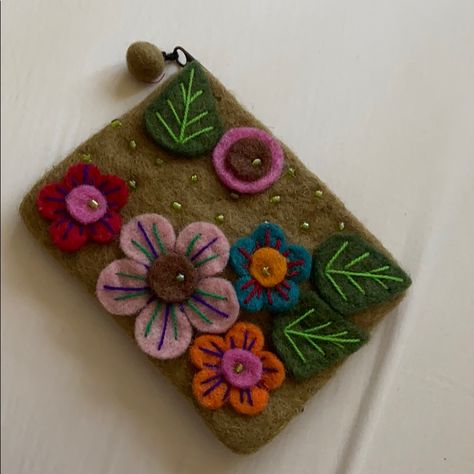 Handcrafted Felt Purse With Floral Appliques. Cute But Never Used. No Damages, No Rips. Inside Is Clean. Wool Applique Ornaments, Felt Coin Purse Diy, Diy Felt Applique, Felted Embroidery, Felt Sewing Projects, Wool Processing, Felt Coin Purse, Wool Pennies, Painted Purses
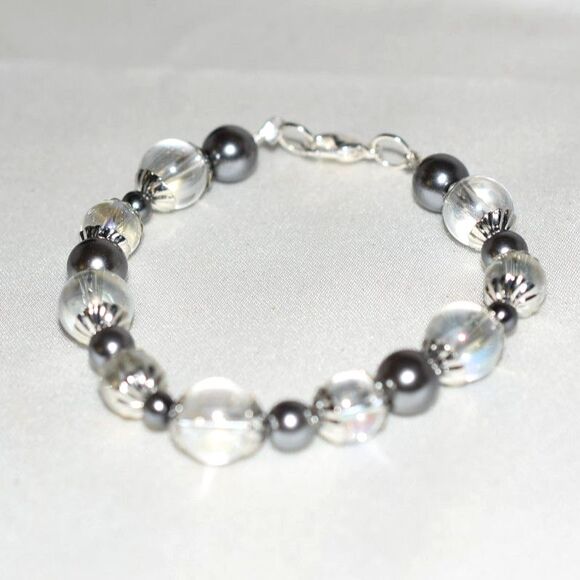 NWOT Dreamy Sparkling Gray/Clear Beaded Silver Tone 5" Party Glam Boho Bracelet - Picture 1 of 3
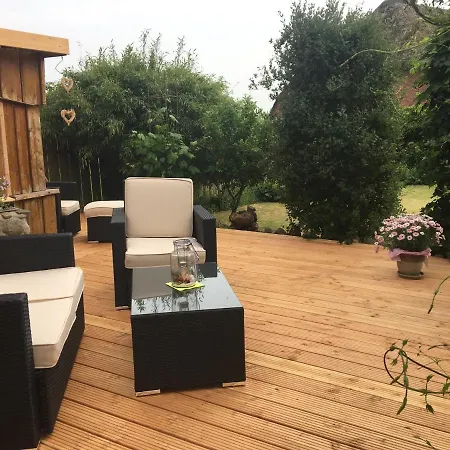 Kreatives Wohnen Unter Reet Ruhig Und Doch Zentral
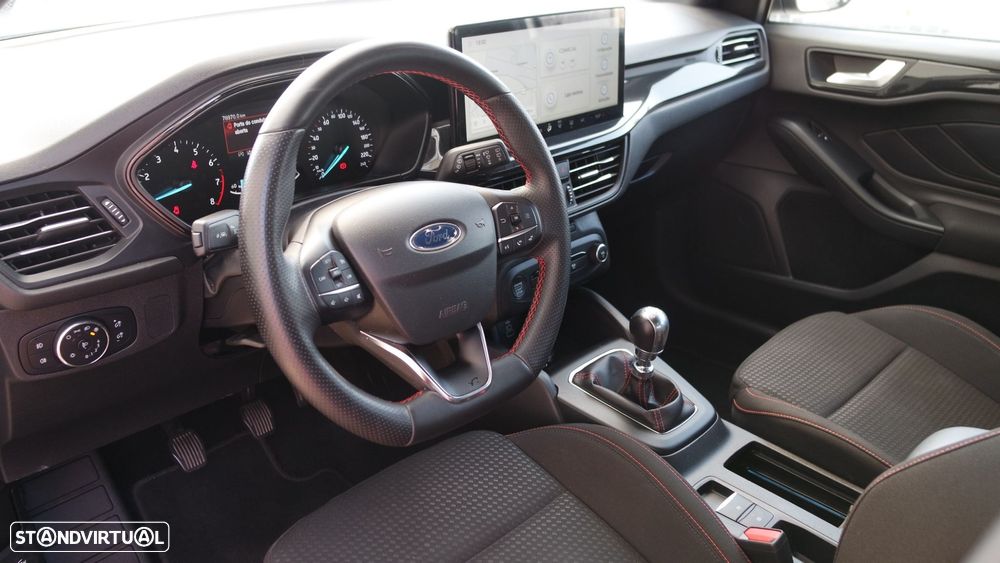 Ford Focus 1.0 EcoBoost ST-Line - 11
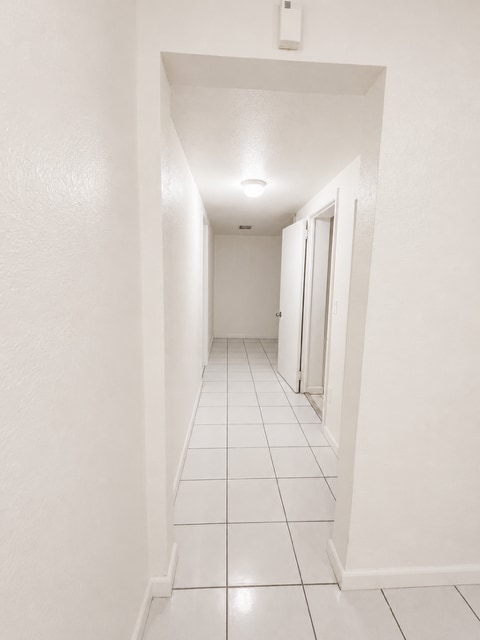 Hallway to Kitchen - 2573 SW 21st Ave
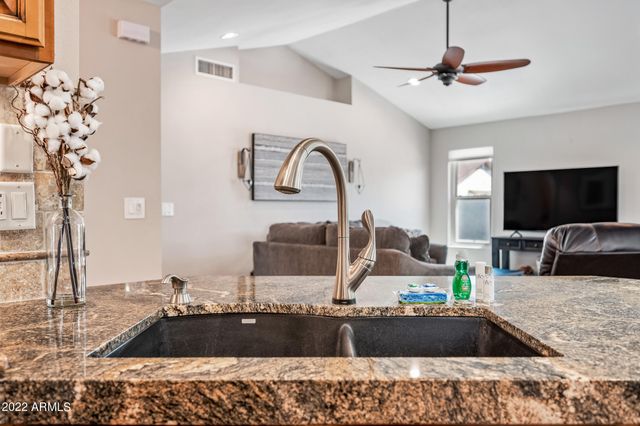 3659 W ELGIN Street, Chandler, AZ 85226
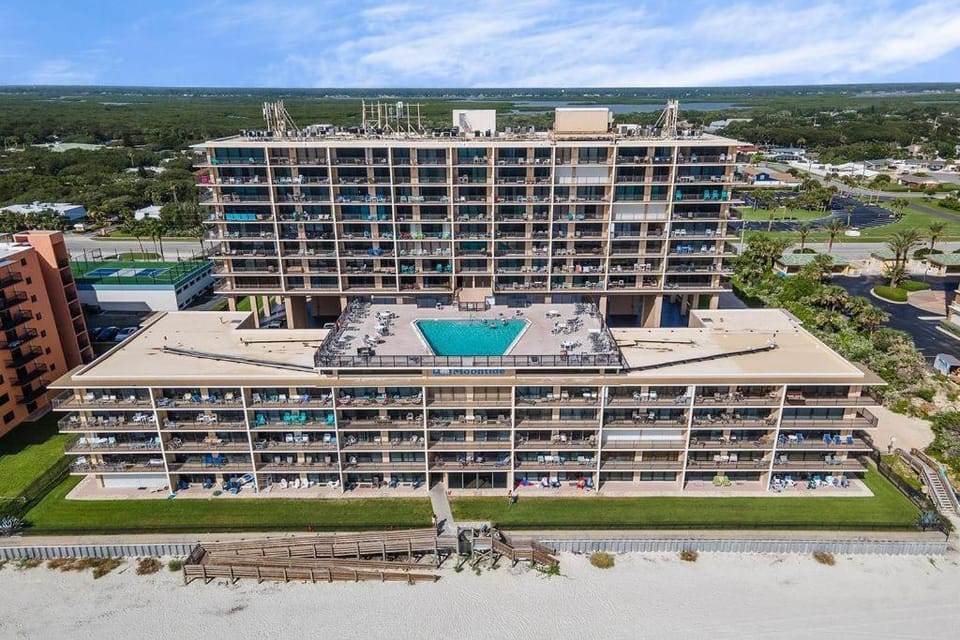 Moontide B707 House in Edgewater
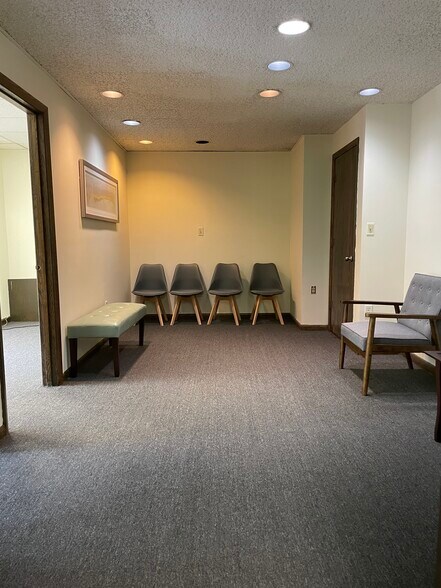 600 McKnight Park Dr, Pittsburgh, PA à louer - Photo intérieure – Image 3 sur 48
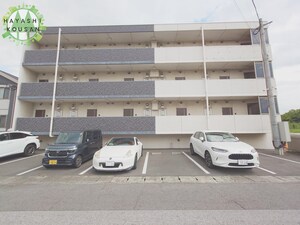 グラシア三川外観写真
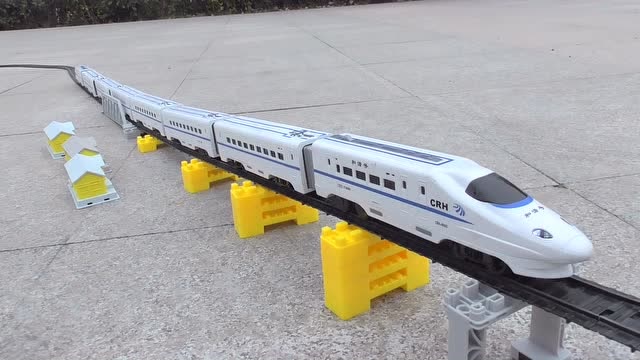 和谐号动车组模型测试上下坡轨道,上坡有点卡顿,下次改进轨道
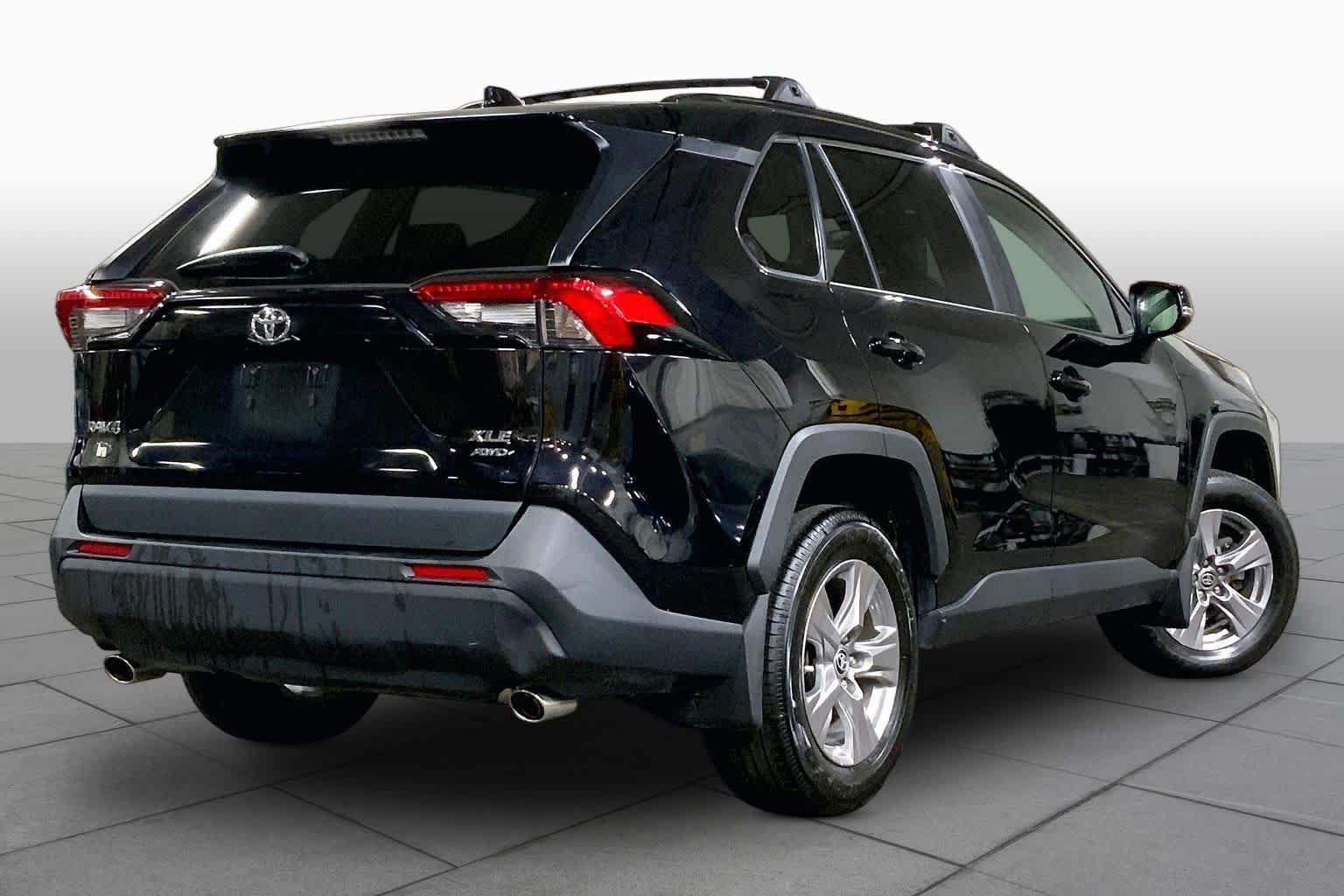 Used 2024 Midnight Black Metallic Toyota XLE image 13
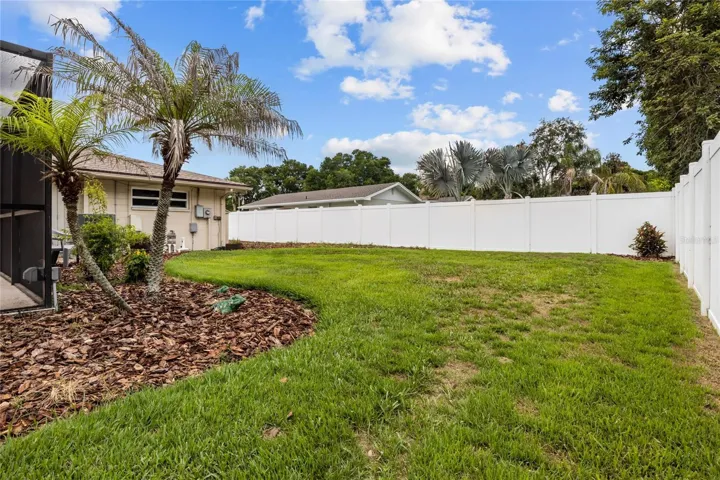 pvc fencing around whole back yard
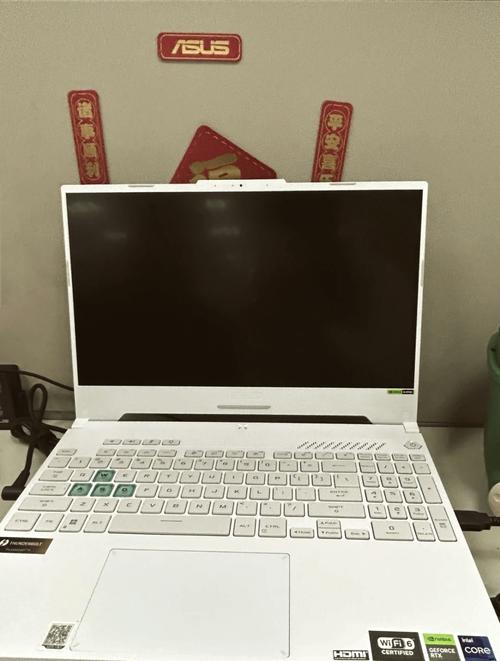 电脑黑屏和工学电脑椅，解决你的电脑问题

______

■ Directions for this task ■
Leaving each image aside, repeat the listing above exactly.

■ Problem solution ■
 Handcrafted Felt Purse With Floral Appliques. Cute But Never Used. No Damages, No Rips. Inside Is Clean. Wool Applique Ornaments, Felt Coin Purse Diy, Diy Felt Applique, Felted Embroidery, Felt Sewing Projects, Wool Processing, Felt Coin Purse, Wool Pennies, Painted Purses
 NWOT Dreamy Sparkling Gray/Clear Beaded Silver Tone 5" Party Glam Boho Bracelet - Picture 1 of 3
 Kreatives Wohnen Unter Reet Ruhig Und Doch Zentral
 Ford Focus 1.0 EcoBoost ST-Line - 11
 Hallway to Kitchen - 2573 SW 21st Ave
 3659 W ELGIN Street, Chandler, AZ 85226
 Moontide B707 House in Edgewater
 600 McKnight Park Dr, Pittsburgh, PA à louer - Photo intérieure – Image 3 sur 48
 グラシア三川外観写真
 和谐号动车组模型测试上下坡轨道,上坡有点卡顿,下次改进轨道
 Used 2024 Midnight Black Metallic Toyota XLE image 13
 pvc fencing around whole back yard
 电脑黑屏和工学电脑椅，解决你的电脑问题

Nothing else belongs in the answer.